(Directions) In the listing below, the lines starting with the line with "Volkswagen VW TIGUAN 16-24 Turboaggregat" and going on through the line with "2021 Land Rover" are to be reproduced exactly, and only those.

(Input material)
◇ ◇ ◇ ◇ ◇ ◇ ◇

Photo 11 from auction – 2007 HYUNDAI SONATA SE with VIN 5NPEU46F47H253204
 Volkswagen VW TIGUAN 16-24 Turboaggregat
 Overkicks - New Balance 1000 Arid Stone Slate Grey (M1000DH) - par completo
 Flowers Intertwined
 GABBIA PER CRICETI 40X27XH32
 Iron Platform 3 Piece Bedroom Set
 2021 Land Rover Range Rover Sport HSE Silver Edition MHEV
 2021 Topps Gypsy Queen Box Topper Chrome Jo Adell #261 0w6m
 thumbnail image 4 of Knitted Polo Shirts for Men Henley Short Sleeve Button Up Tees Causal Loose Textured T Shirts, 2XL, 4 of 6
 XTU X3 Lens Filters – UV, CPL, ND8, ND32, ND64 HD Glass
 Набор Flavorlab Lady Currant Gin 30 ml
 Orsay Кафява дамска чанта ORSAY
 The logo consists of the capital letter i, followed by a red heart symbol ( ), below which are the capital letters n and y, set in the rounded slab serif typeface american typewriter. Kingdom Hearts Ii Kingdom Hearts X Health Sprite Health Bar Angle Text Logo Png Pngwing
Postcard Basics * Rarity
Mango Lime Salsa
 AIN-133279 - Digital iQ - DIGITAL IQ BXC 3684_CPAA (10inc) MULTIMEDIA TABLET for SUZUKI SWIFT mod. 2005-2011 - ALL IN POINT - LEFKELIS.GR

◇ ◇ ◇ ◇ ◇ ◇ ◇

(The completed task)
 Volkswagen VW TIGUAN 16-24 Turboaggregat
 Overkicks - New Balance 1000 Arid Stone Slate Grey (M1000DH) - par completo
 Flowers Intertwined
 GABBIA PER CRICETI 40X27XH32
 Iron Platform 3 Piece Bedroom Set
 2021 Land Rover Range Rover Sport HSE Silver Edition MHEV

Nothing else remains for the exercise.